Normalizing vs 'Quench and Tempering' 3

[Aife]

Would quenching and tempering have significate impact on the properties of steel (A694) versus normalizing?

I couldn't find A694 in Section 2A of ASME. It is a Carbon and Alloy Steel for high-Pressure Service.

Any help would be greatly appreciated.

 

[bmoorthy]

A 694 is not permitted in Pressure vessels hence not a part of Section II A

You will find it in ASTM.

Why do you have such a query regarding Q T and Normalizing?

Q & T is expected to have better Impact properties at the same time have higher tensile strength.

The Micro Structure of Q & T and Normalizing are significantly different.

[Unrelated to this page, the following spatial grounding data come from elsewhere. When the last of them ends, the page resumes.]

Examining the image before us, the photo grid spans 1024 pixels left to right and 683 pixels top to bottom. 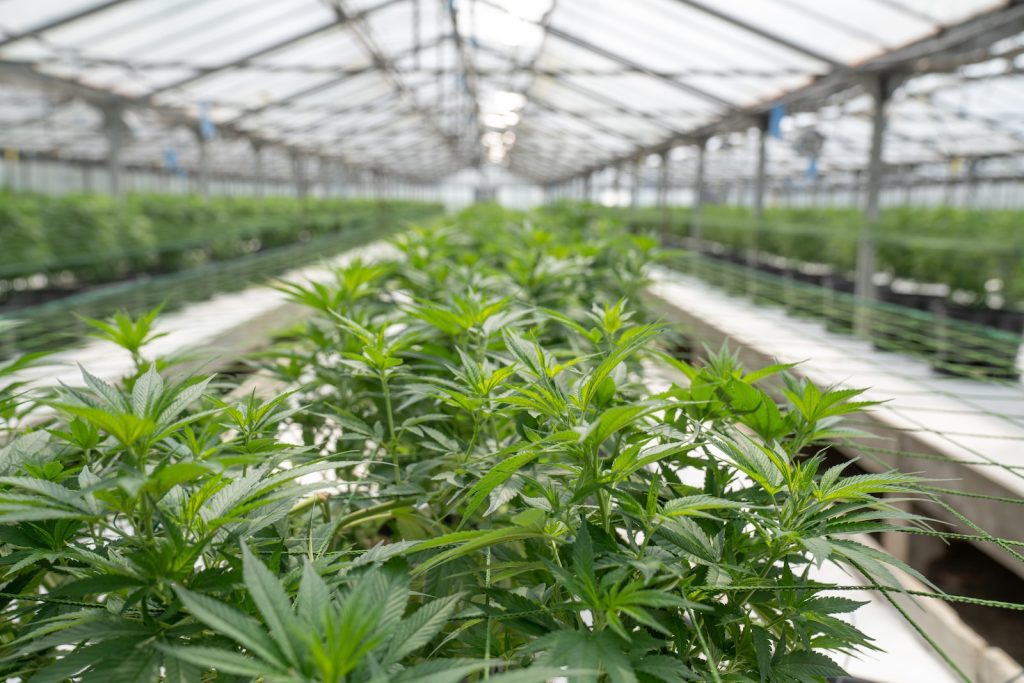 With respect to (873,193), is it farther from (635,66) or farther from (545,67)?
(545,67)

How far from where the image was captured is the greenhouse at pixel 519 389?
79 cm

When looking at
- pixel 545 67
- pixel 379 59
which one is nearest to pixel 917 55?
pixel 545 67

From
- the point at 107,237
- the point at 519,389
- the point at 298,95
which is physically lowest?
the point at 107,237

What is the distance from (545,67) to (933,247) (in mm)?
7810

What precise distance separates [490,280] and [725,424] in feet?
3.60

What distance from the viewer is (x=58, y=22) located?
766 centimetres

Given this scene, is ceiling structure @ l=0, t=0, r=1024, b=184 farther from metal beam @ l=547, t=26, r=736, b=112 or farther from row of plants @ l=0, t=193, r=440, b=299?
row of plants @ l=0, t=193, r=440, b=299

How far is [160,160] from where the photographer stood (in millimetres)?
29984

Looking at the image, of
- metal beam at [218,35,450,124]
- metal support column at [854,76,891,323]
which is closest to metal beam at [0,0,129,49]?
metal beam at [218,35,450,124]

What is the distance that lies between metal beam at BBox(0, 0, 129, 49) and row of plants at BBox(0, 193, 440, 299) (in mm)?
1643

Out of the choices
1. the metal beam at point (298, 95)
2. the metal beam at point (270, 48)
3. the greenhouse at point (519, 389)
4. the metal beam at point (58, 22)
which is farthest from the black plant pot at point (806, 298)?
the metal beam at point (298, 95)

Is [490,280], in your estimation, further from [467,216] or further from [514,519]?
[467,216]

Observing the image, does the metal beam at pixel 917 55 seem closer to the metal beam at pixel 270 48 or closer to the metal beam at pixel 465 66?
→ the metal beam at pixel 465 66

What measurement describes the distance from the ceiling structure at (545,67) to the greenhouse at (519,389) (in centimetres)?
7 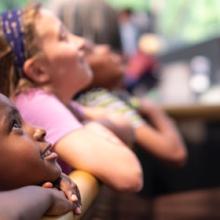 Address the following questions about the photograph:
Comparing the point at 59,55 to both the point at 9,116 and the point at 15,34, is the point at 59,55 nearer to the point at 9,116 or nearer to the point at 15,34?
the point at 15,34

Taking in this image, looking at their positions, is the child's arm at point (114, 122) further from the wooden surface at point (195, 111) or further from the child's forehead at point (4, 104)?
the wooden surface at point (195, 111)

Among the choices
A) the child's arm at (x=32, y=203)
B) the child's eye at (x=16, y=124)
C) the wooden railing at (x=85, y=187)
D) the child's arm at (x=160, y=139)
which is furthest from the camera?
the child's arm at (x=160, y=139)

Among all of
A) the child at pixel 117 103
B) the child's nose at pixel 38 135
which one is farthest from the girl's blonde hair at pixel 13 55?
the child at pixel 117 103

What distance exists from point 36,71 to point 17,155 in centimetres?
53

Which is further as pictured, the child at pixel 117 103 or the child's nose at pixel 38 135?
the child at pixel 117 103

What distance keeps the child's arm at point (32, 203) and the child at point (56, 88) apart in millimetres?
297

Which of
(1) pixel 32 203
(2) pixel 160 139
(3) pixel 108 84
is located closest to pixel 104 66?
(3) pixel 108 84

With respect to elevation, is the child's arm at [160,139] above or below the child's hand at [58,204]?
below

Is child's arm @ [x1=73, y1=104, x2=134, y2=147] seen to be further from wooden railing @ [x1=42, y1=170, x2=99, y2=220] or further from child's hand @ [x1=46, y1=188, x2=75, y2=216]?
child's hand @ [x1=46, y1=188, x2=75, y2=216]

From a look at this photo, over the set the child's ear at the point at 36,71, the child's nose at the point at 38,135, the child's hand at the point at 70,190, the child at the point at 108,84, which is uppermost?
the child's nose at the point at 38,135

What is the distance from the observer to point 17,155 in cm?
62

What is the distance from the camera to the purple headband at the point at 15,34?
3.53 ft

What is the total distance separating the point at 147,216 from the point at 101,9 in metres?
1.48

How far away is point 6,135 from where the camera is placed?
0.61 metres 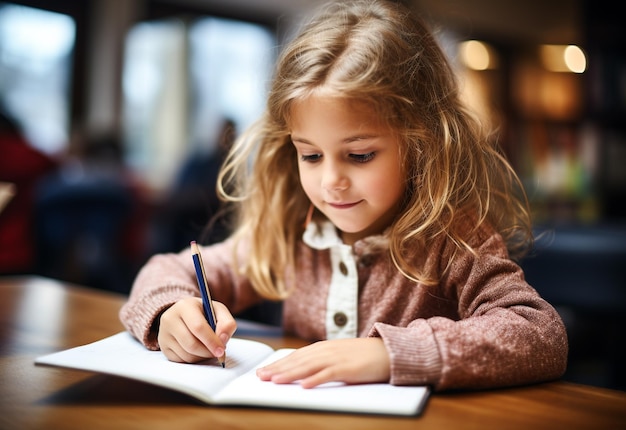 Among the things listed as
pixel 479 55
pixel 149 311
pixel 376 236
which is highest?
pixel 479 55

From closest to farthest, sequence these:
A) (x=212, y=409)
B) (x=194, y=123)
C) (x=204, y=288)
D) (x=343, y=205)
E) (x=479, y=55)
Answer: (x=212, y=409)
(x=204, y=288)
(x=343, y=205)
(x=194, y=123)
(x=479, y=55)

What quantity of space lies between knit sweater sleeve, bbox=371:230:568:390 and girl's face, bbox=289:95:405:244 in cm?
18

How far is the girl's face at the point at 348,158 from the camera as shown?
2.63ft

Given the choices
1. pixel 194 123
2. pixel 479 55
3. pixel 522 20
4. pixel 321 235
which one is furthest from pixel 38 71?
pixel 321 235

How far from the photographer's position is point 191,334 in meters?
0.74

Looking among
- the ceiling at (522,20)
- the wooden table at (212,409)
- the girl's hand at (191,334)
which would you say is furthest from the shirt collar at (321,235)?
the ceiling at (522,20)

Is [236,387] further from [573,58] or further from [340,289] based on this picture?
[573,58]

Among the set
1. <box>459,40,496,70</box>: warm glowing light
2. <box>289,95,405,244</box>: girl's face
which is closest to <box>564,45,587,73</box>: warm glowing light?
<box>459,40,496,70</box>: warm glowing light

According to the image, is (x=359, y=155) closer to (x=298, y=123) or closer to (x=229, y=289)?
(x=298, y=123)

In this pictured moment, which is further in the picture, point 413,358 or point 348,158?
point 348,158

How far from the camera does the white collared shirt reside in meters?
0.94

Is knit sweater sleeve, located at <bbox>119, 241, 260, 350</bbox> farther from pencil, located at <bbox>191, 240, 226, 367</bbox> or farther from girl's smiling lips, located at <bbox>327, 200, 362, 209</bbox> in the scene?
girl's smiling lips, located at <bbox>327, 200, 362, 209</bbox>

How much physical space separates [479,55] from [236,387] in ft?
20.1

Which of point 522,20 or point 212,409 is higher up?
point 522,20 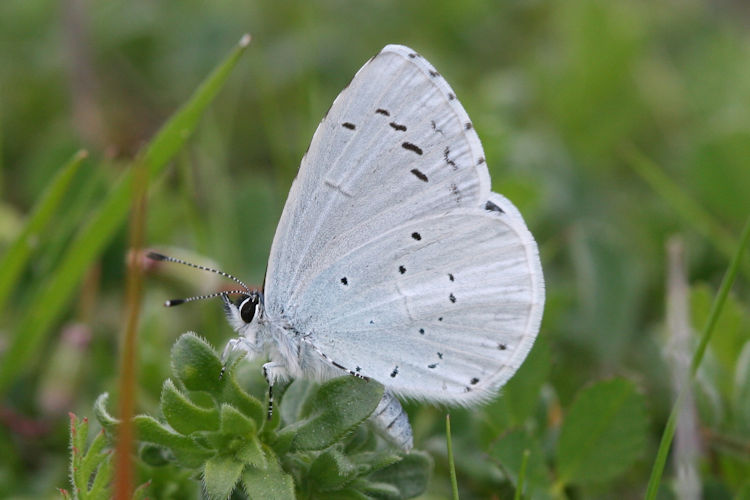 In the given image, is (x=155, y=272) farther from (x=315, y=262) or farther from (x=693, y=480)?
(x=693, y=480)

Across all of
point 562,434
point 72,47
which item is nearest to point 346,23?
point 72,47

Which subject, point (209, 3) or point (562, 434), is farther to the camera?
point (209, 3)

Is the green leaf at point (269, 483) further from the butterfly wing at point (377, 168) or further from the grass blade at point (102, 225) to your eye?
the grass blade at point (102, 225)

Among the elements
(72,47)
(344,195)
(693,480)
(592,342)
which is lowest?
(592,342)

Beware of A 694 while ordering. Unless you specify the limits in chemistry, you may have one heat of A 694 fully confirming and meeting the chemical properties of Low Carbon steel and another heat or Lot could have 1% Cr and 0.5% Mo and yet certified as A 694.

Also some of the metallurgists consider A 694 are material whose properties are enhanced by Heat treatment hence they may consider the material as UHT material evben if they permit you to use the material in Pressure vessel.

You have to be very careful while specifying the fabrication heat treatment temperature as it might affect the physical property.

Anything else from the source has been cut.